Help - Search - Members - Calendar
Full Version: Clipping: possible way to make it harmless
Hydrogenaudio Forums > Hydrogenaudio Forum > General Audio
Gabriel
The lossy encoding process can introduce clipping:
Let 's say the maximum value is 1. If we have a sample that is 0.95, it can be encoded into 1.05 after requantization step.
We know that this introduces clipping once decoded.

But from the encoder point of view, this quantization was harmless. The problem is that we have clipping in the time domain once decoded, while the encoder intended it in the the frequency domain.

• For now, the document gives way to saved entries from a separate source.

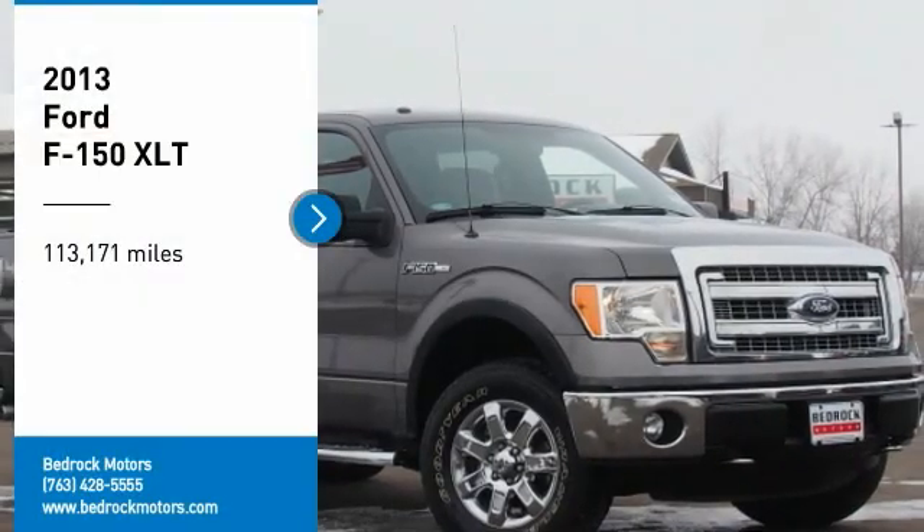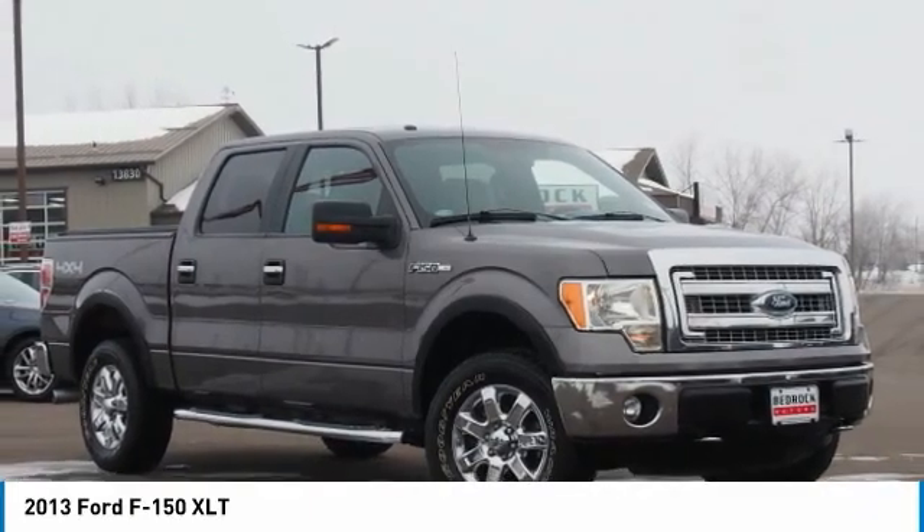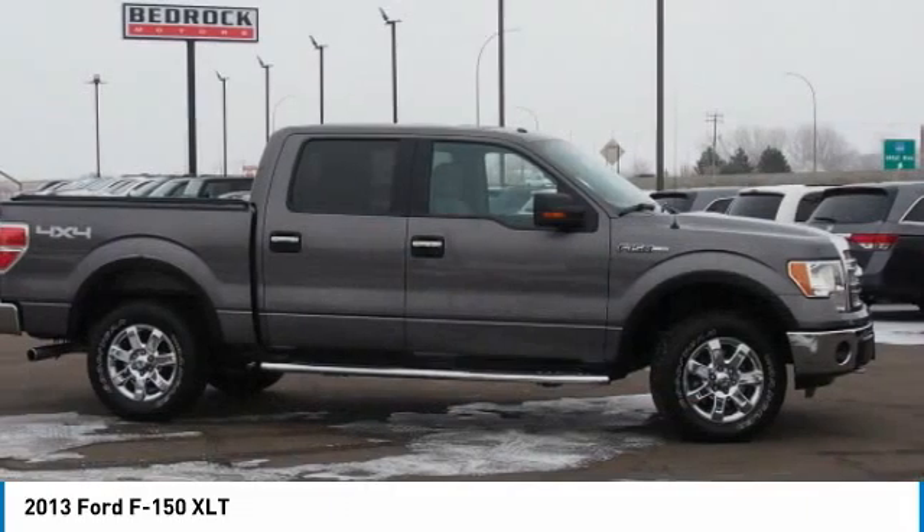Come test drive the 2013 F-150. A Ford F-150 knows how to handle any situation. It's good to follow orders. No whining.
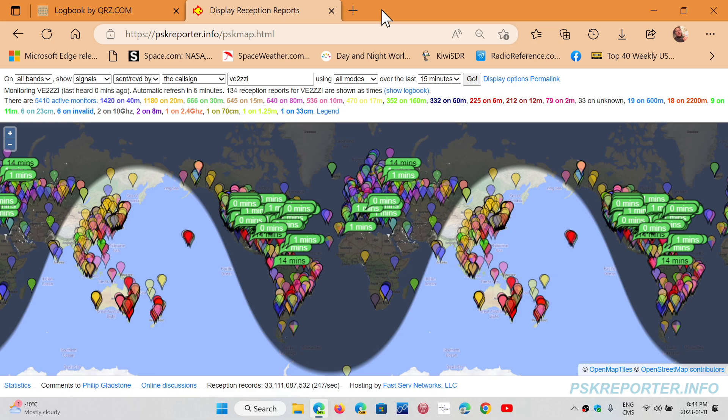For example, in the last hour I've been doing some FT8 on 30 meters — specifically on 10136 — and I've had contacts with a couple of European stations, some US stations, and South America.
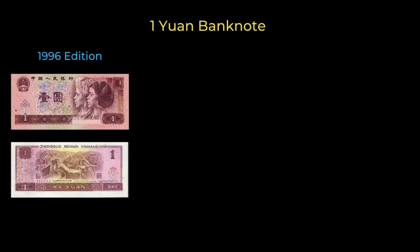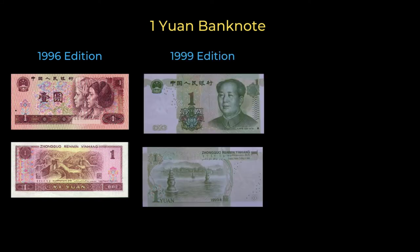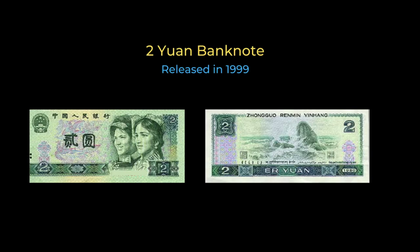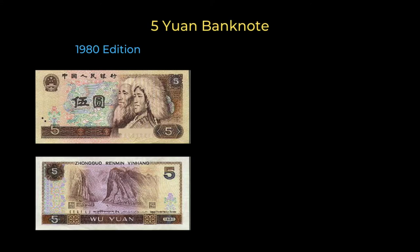The one yuan bank note comes in three versions. The first was released in 1996 and has two minority women on the front and the Great Wall on its back. In 1999, an updated one yuan bank note was issued featuring Mao Zedong, with the back side picturing the three pools at Westlake. In 2019, the one yuan bill was updated to include brighter colors and more sophisticated anti-counterfeiting features. The two yuan bank note is a rarity but is still legal tender, with two minority women on the front and the South China Sea on the rear. In 1980, a five yuan bank note was released with a Tibetan woman and a Muslim man on its front, while the back features the Yangtze, China's longest river.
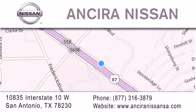give us a call or stop by our dealership. We're located at 10835 Interstate Highway 10 West in San Antonio. We look forward to serving you.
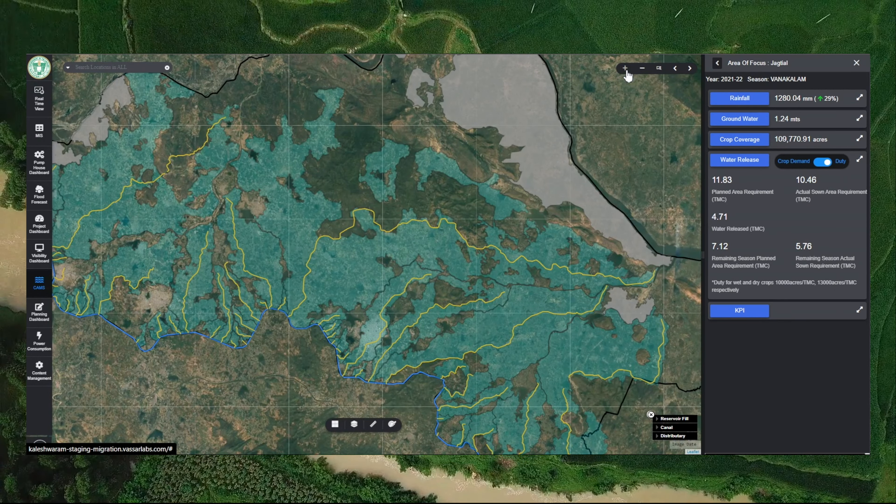FieldWise is being deployed as India's first agri-stack for the state of Kerala — an integrated platform that brings together field, farmer, and crop data onto a single platform, along with a climate-resilient decision support system.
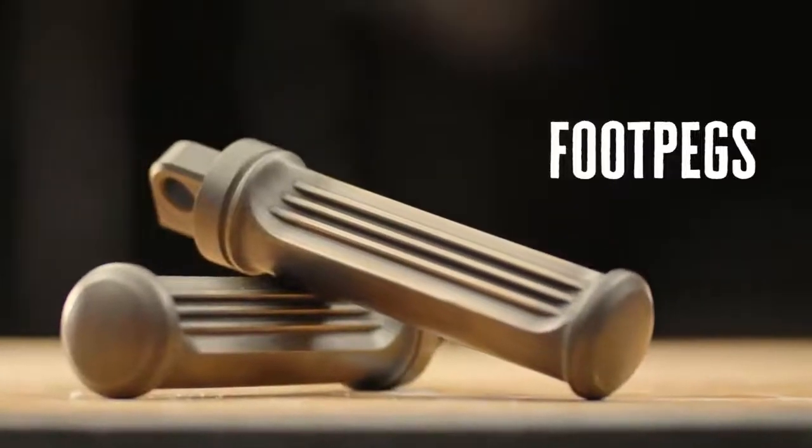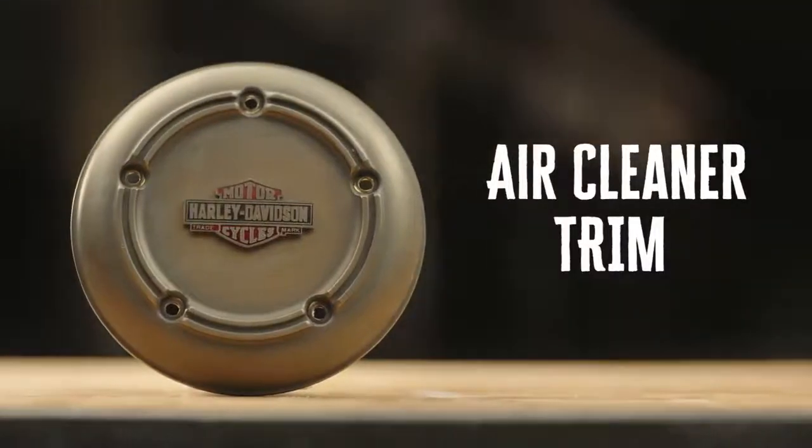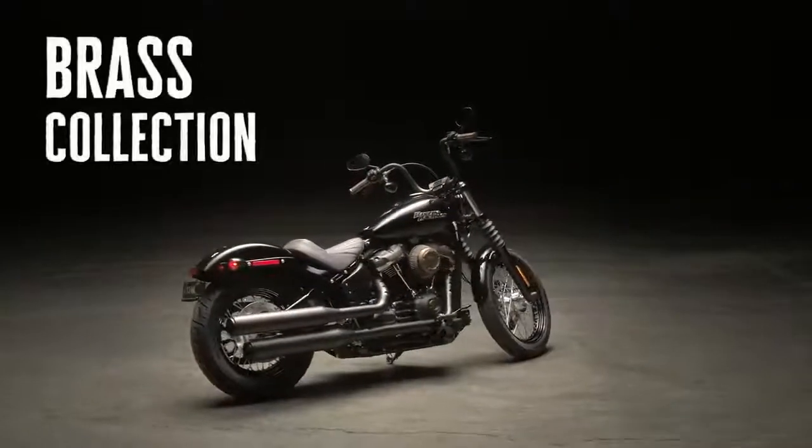Every piece has a story to tell. Start yours today with the Brass Collection from Harley-Davidson.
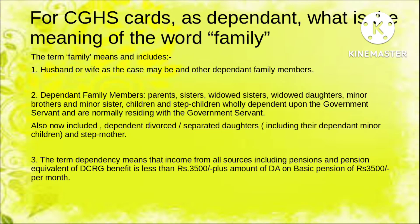The CGHS facility is meant for central government employees and the dependents of the employee. Who is included in the term 'family'? The husband or wife, as the other spouse, is definitely a dependent. Other dependents include parents, sisters, widow sisters, widow daughters, minor brothers, minor sisters, children and step-children who are wholly dependent on the government servant and normally residing with them, as well as dependent divorced or separated daughters. The term 'dependency' means income from all sources including pension should be less than 3,500 plus the amount of DA on basic pension per month.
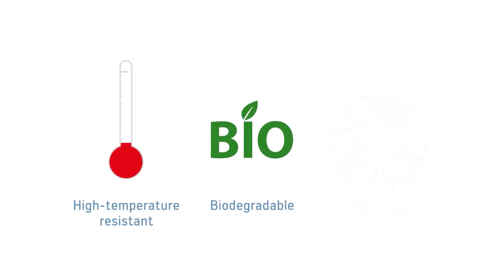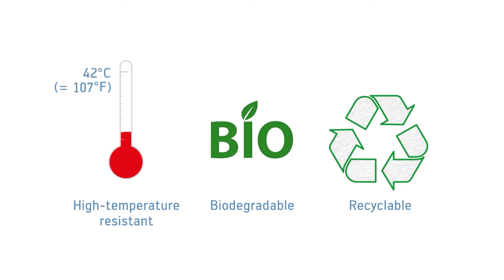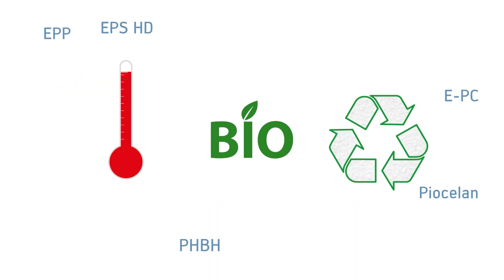The Wave Foamer is predestined for new high temperature resistant as well as biodegradable materials. It is also ideally suited for products with high recycling material content. Or in other words, we can mold it all.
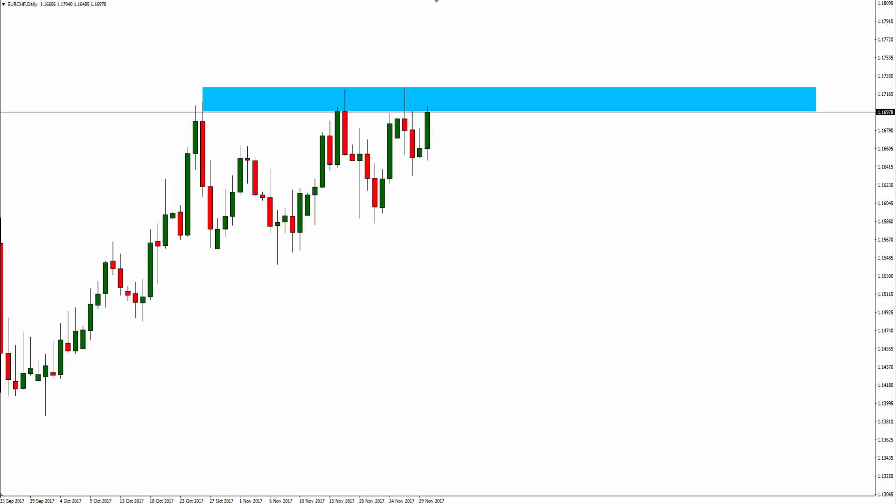Hello Traders, Mark Chapman here, the creator of the trademark Trap Traders Concepts. Welcome to today's Trap Traders trade of the day analysis. Today's date is Thursday the 30th November 2017 and the chart we're going to look at today is a Euro Swiss daily chart.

Image if the decoder was clipping in the frequency domain. On decoding, the 1.05 value sample would be truncated to 1 (the maximum value). This is still correct, according to the required precision computed by the encoder.
Once transformed into the time domain, this would be of maximum value, but not more, and so there would be no time domain clipping.

conclusion: I think that clipping is harmless in the frequency domain, so on decoding it should be handled at this step.
NumLOCK
Because of MDCT properties, to my knowledge this is correct yes :-)

QUOTE
conclusion: I think that clipping is harmless in the frequency domain, so on decoding it should be handled at this step.

Almost harmless, indeed.

By the way, if the clipping is too severe (ie: > 1.2) one should avoid changing the output energy too much - maybe by changing the phase of strong frequency components, to avoid them adding up at the same places. But that would be prohibitively complex to do with MDCT, I think dry.gif

EDIT: We could also do the frequency-domain in a post-processing DSP pass, if the time-domain samples are not clipped to 16 bits (foobar2000 ?) B) smile.gif B)
2Bdecided
Gabriel,

Having followed the link to here from the other thread, I now think I understand what you mean. I think. I'm not 100% sure though! I certainly didn't understand the first time I read this thread!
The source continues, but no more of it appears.